Geçtiğimiz perşembe günü tahliyelerin başlamasının hemen ardından Pekin, Japonya’dan yapılan tüm balık ithalatına misilleme niteliğinde bir yasak getirirken, Japonya’daki işyerleri, okullar ve devlet kurumlarına yönelik şikayet telefonları hafta sonu ülke manşetlerine taşındı.

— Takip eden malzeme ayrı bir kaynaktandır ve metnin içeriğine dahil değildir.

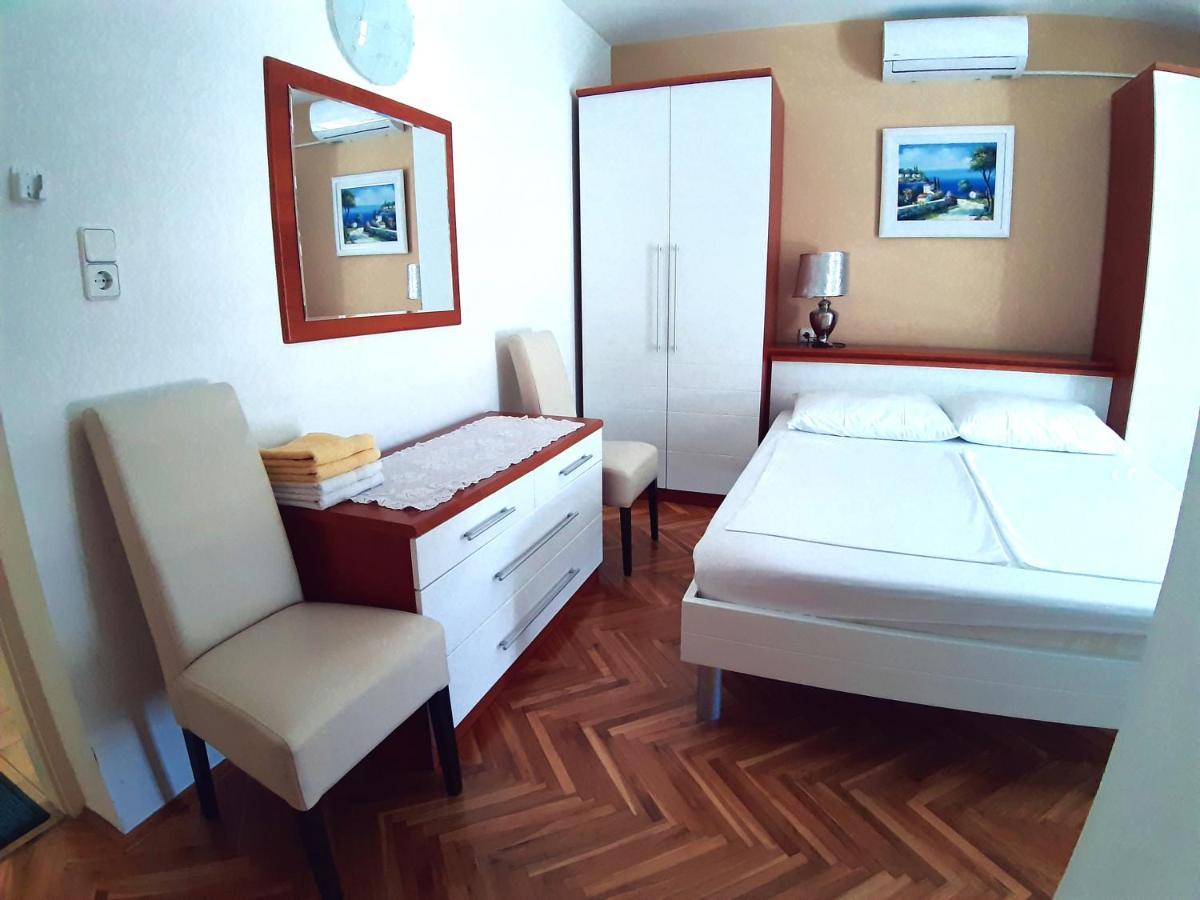 F• R• I• E• N• D• S• Bed & Breakfast Novalja Luaran gambar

Olayların alevlenmesi üzerine Japonya Dışişleri Bakan Yardımcısı Masataka Okano pazartesi günü Çin’in Japonya Büyükelçisi Wu Jianghao’yu çağırarak Çin hükümetini yanlış bilgi yaymaktan vazgeçmeye çağırdı ve deşarjın çevre üzerinde “ihmal edilebilir” bir etkisi olduğunu kanıtlayan bilimsel kanıtlar olduğunu savundu.

Çin Büyükelçiliği’nin pazartesi akşamı Japonya’nın “inatçı ve bencil” davranışını kınayan ve Japonya’daki Çin misyonlarının da ülke içinden benzer çağrılar aldığından yakınan bir açıklama yapmasının ardından kısasa kısas devam etti.

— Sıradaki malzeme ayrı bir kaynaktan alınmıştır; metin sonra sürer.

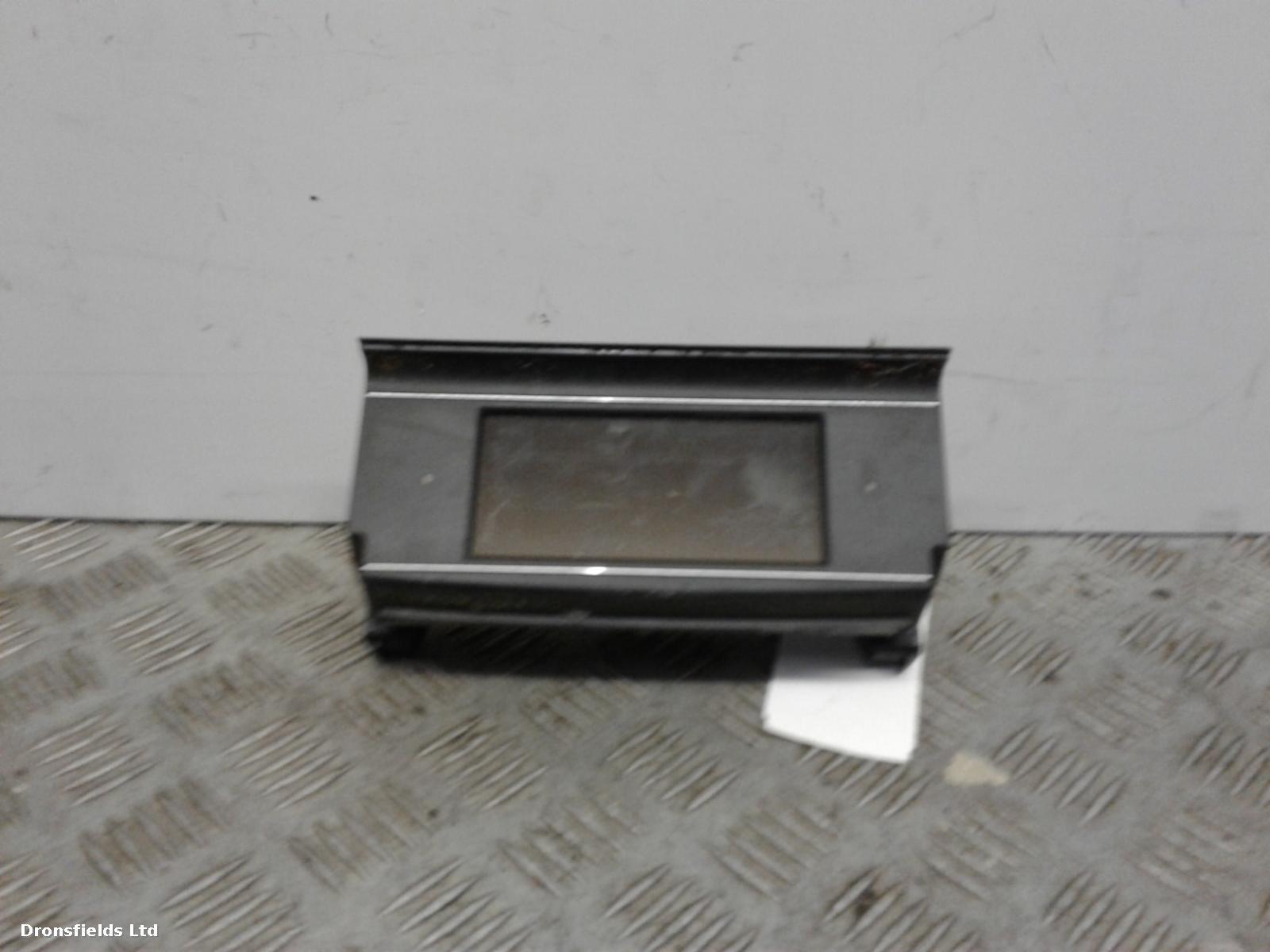 View Auto part Radio Display Mercedes C Class 2010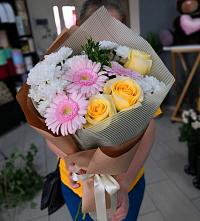 Букет цветов из:  Герберы, Розы и Хризантемы в Базарный Сызган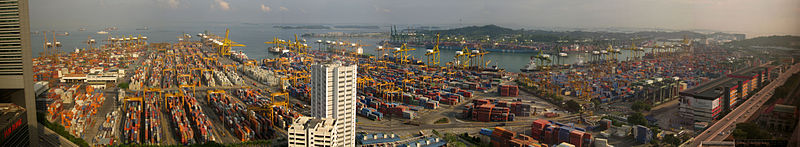 De haven van Singapore is een van de drukste havens ter wereld.  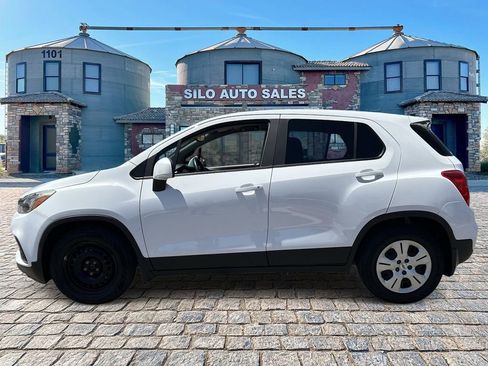 Used 2019 Chevrolet Trax LS w/ LPO, Protection Package FWD image 2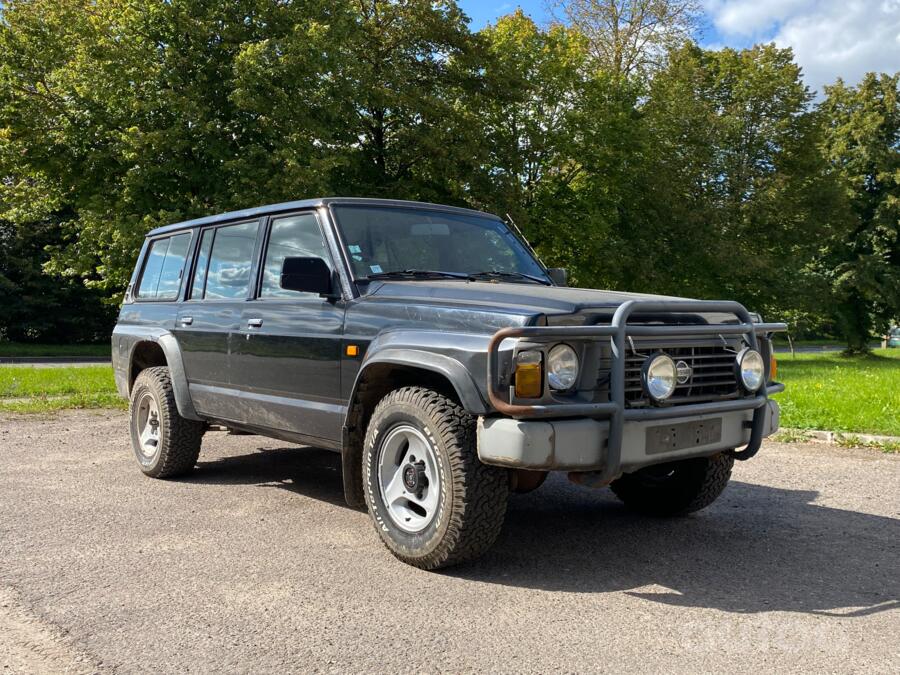 Nissan Patrol Y60 SUV 5-doors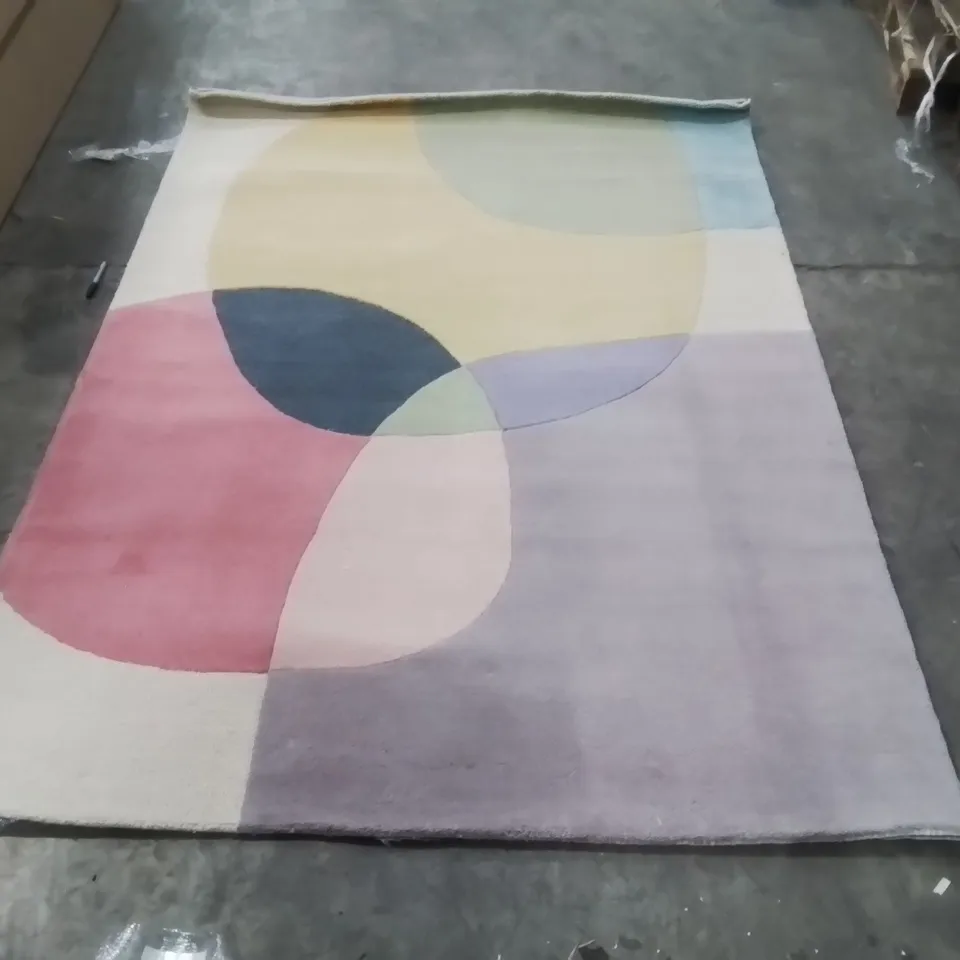 QUALITY DESIGNER AREA RUG - APPROXIMATELY 230X160CM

Salı günü Çin Dışişleri Bakanlığı Sözcüsü Wang Wenbin, Pekin’deki Japon Büyükelçiliği’ne taş atılması olayını yorumlarken Çinli yetkililerin “Japonya’nın sözde kaygılarına ilişkin ciddi tutumlarını açıkça ortaya koyduklarını” söyledi ancak tepkilerden ülkenin “sorumsuz davranışlarını” sorumlu tuttu.

Bir Japon hükümet sözcüsü ise çarşamba günü Wang’ın açıklamaları hakkında yorum yapmazken, Japonya’nın ithalat yasağı konusunda Dünya Ticaret Örgütü’ne resmi bir şikayette bulunabileceğini belirtti.

Diplomatik süreç

Geçtiğimiz birkaç ay içinde ikili diplomatik ilişkilerde bir iyileşme olduğuna dair işaretler belirmişti.

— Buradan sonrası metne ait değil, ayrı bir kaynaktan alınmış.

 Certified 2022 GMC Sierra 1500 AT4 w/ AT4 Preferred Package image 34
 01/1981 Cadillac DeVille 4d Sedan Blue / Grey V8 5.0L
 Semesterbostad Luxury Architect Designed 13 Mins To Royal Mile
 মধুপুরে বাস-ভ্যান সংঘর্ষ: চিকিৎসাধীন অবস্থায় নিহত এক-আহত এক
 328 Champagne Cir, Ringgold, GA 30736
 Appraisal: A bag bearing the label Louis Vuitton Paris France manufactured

Nisan ayında Dışişleri Bakanı Yoshimasa Hayashi, mevkidaşı Qin Gang ile görüşmek üzere Pekin’e uçtu ve bu, üç yılı aşkın bir süredir bir Japon dışişleri bakanının Çin’e yaptığı ilk ziyaret oldu. Üç ay sonra Hayashi ve Pekin’in üst düzey diplomatı Wang Yi Endonezya’da ASEAN ile ilgili bir toplantının oturum aralarında ikili görüşmeler gerçekleştirdi.

Ülkelerin üst düzey elçileri arasındaki bu istişareler üst düzey toplantıların başlangıcı niteliğinde değerlendirildi.

Bu ayın başlarında Çinli diplomatlar Japonya’yı eylül ayı başlarında yapılacak ASEAN zirvesi sırasında Başbakan Fumio Kishida ile Çin Başbakanı Li Qiang arasında bir görüşmeye ev sahipliği yapma olasılığı konusunda bilgilendirdi, ancak henüz kesin bir şeye karar verilmediği kaydedildi.

Güney Kore ile başarılı bir yakınlaşmanın ardından Kishida, Çin Devlet Başkanı Xi Jinping ile ikili bir görüşme için Çin’e gitme umudunu dile getirmişti.

Üst düzey görüşmelere zemin hazırlamak amacıyla Kishida, Komeito lideri Natsuo Yamaguchi’den Çin’e yapacağı ziyaret sırasında Xi’ye kişisel bir mektup iletmesini istedi. Ancak Yamaguchi yola çıkmadan iki gün önce, Fukuşima krizi nedeniyle gezisini ertelemek zorunda kaldı.

Japan Times’a konuşan Tokyo Üniversitesi’nde Çin diplomasisi profesörü olan Shin Kawashima, şu anda Kishida ve Xi arasında ikili bir görüşme olasılığının düşük olduğunu söyledi.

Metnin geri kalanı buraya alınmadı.